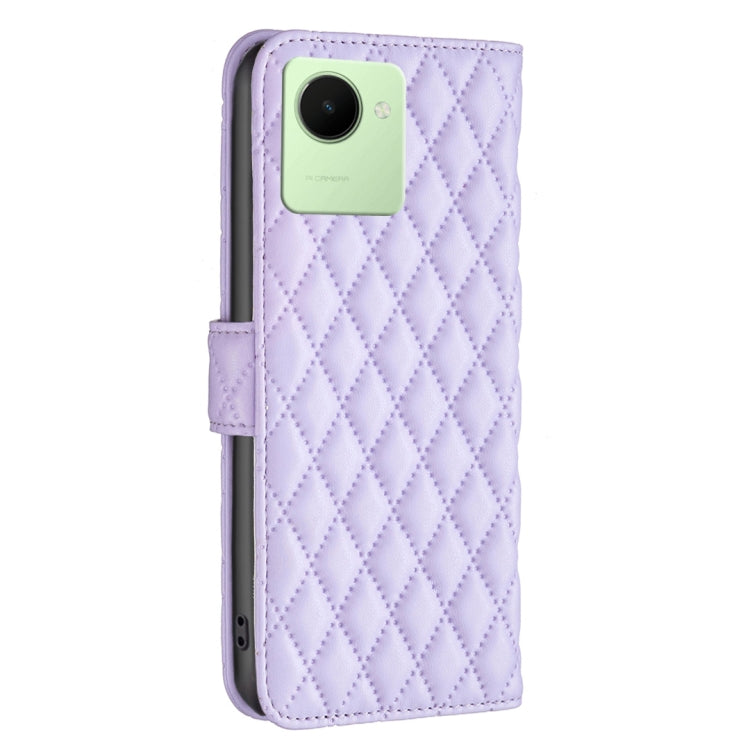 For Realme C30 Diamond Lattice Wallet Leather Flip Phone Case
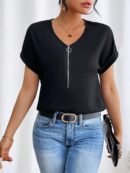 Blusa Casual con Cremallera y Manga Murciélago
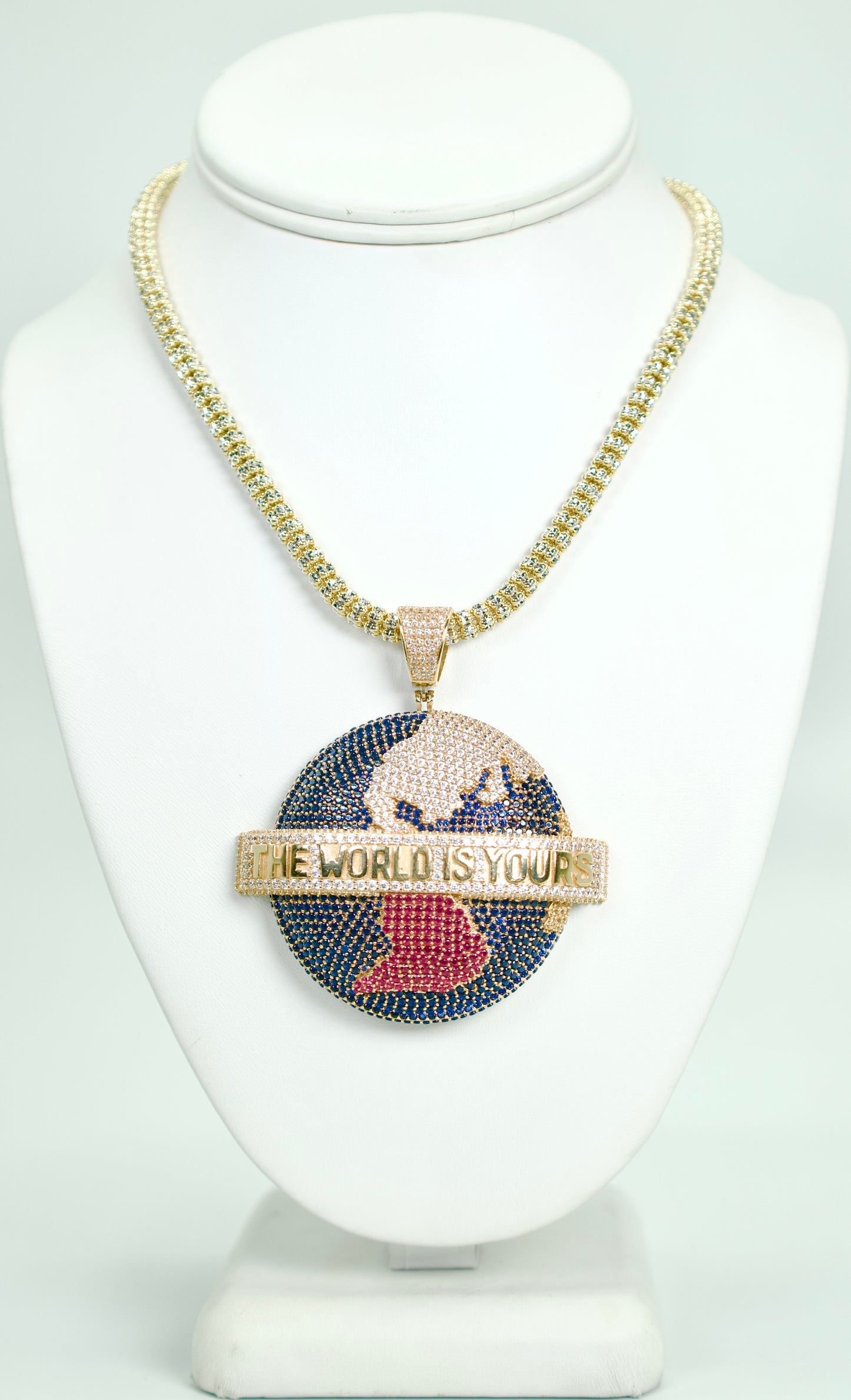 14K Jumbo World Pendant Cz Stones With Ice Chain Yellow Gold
------
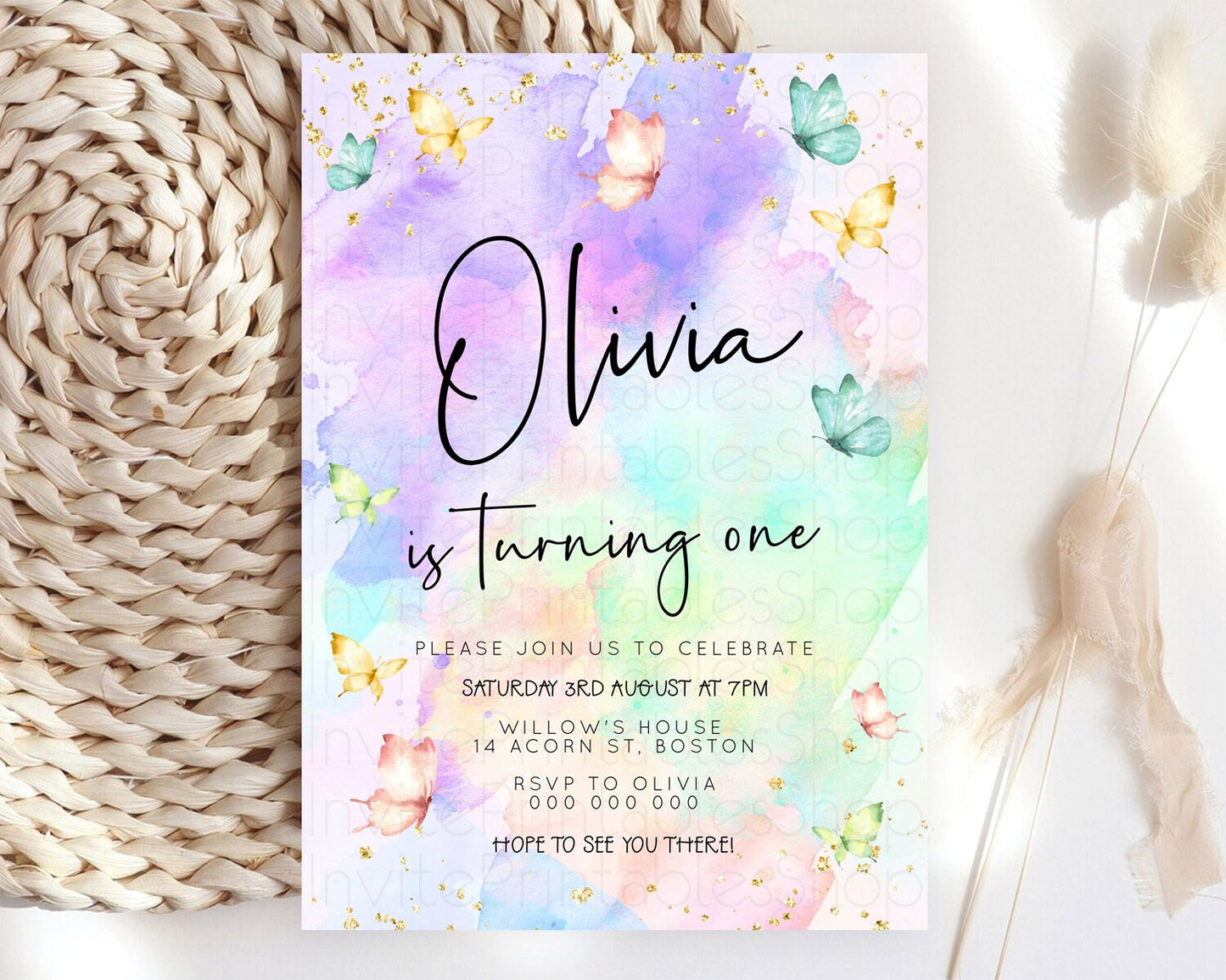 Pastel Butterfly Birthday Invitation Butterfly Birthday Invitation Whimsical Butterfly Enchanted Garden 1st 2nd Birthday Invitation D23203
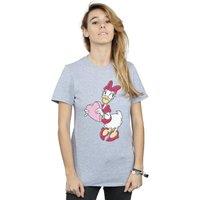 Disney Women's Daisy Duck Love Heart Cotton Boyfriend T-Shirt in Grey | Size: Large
------
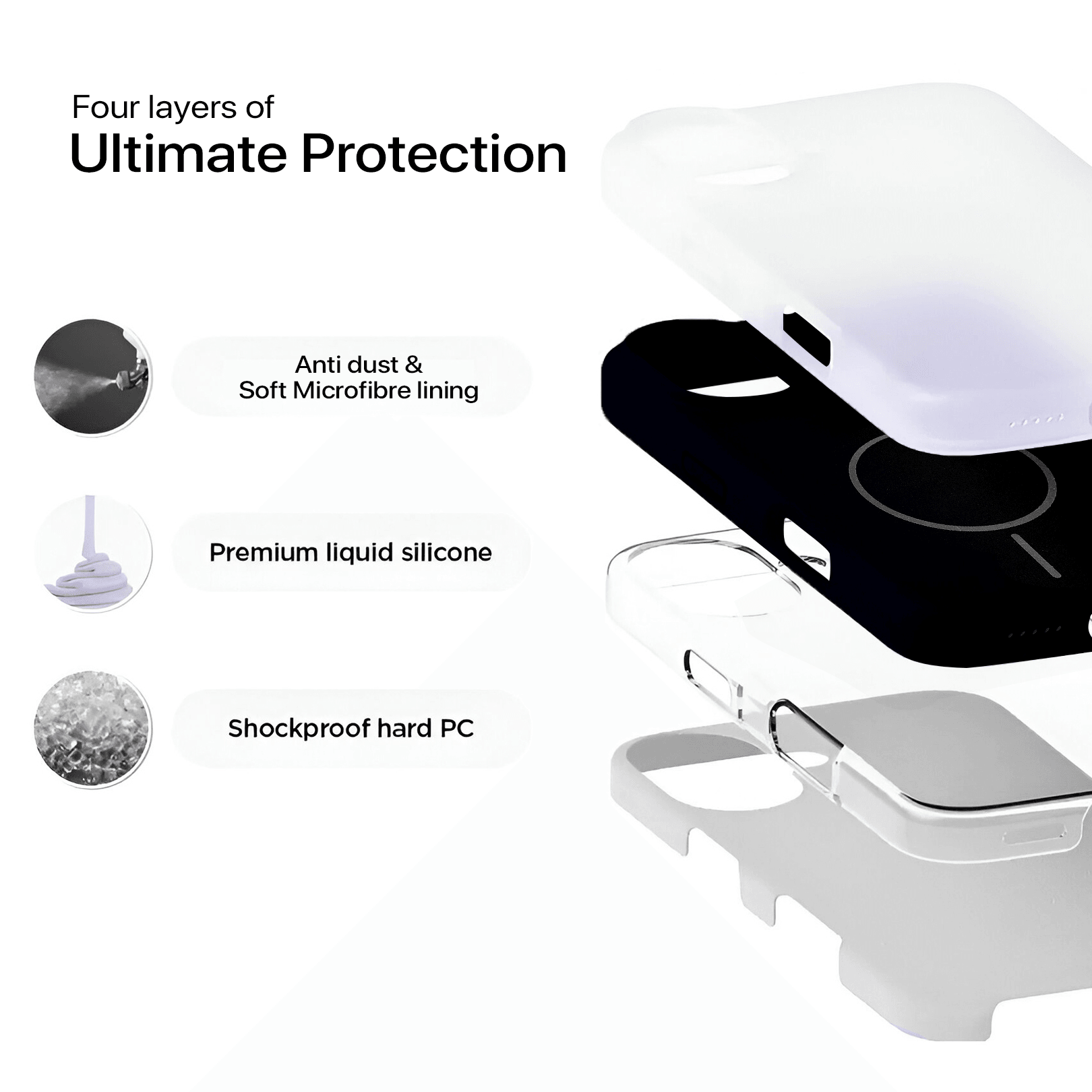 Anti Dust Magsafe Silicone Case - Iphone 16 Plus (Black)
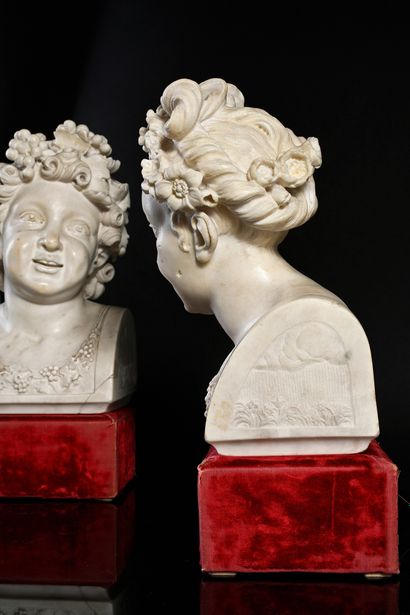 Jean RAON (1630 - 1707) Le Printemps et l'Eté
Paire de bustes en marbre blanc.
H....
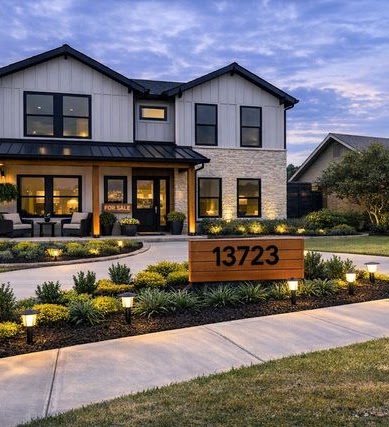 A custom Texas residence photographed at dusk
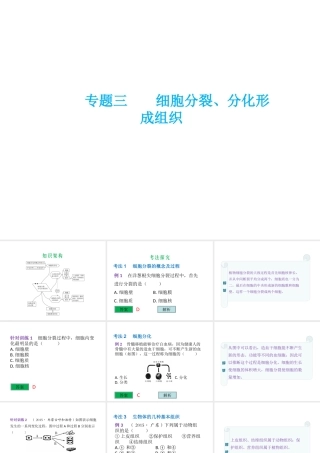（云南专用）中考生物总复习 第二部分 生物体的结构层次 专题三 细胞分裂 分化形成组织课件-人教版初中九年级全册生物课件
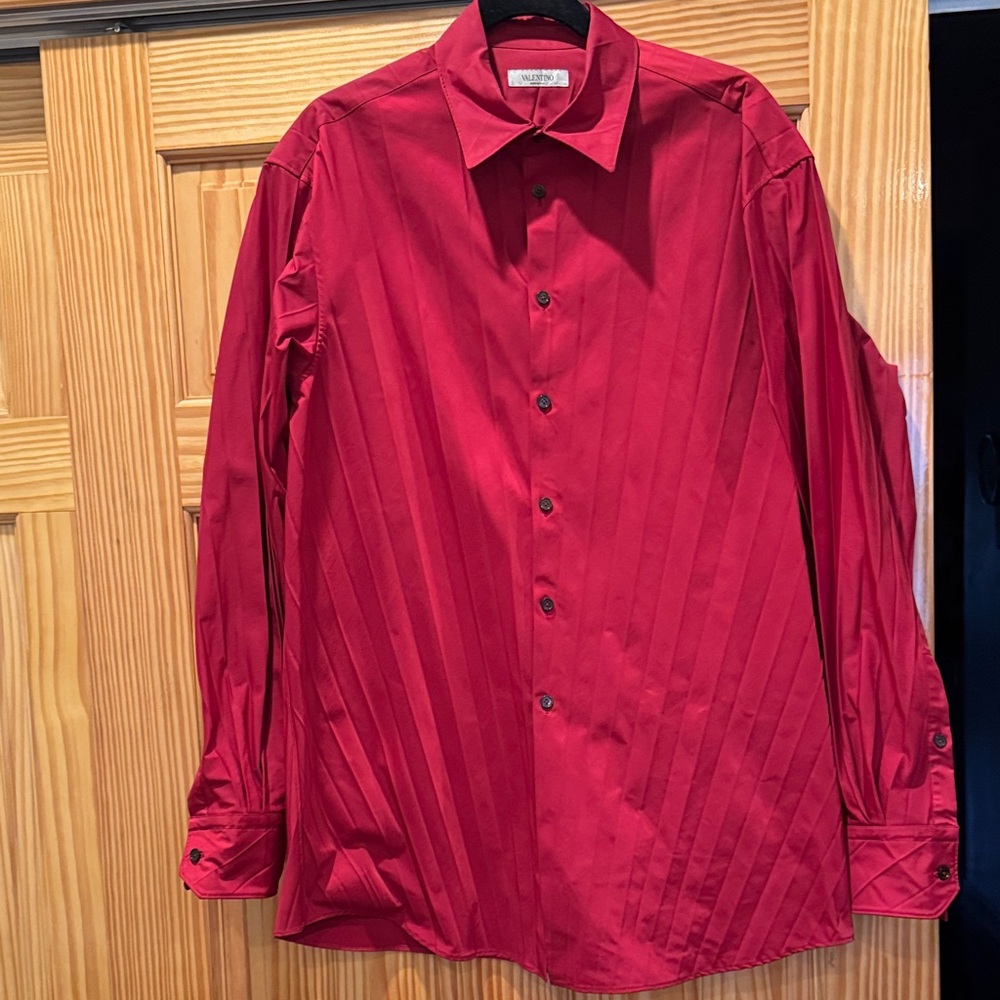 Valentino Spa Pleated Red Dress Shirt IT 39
------
EXERCISE AIM
Among the lines above, the one with "Paire de bustes en marbre blanc." opens the part to repeat and the one with "Valentino Spa Pleated Red Dress Shirt IT 39" closes it; repeat only that part exactly, with no pictures.

EXERCISE OUTPUT
Paire de bustes en marbre blanc.
H....
 A custom Texas residence photographed at dusk
（云南专用）中考生物总复习 第二部分 生物体的结构层次 专题三 细胞分裂 分化形成组织课件-人教版初中九年级全册生物课件
 Valentino Spa Pleated Red Dress Shirt IT 39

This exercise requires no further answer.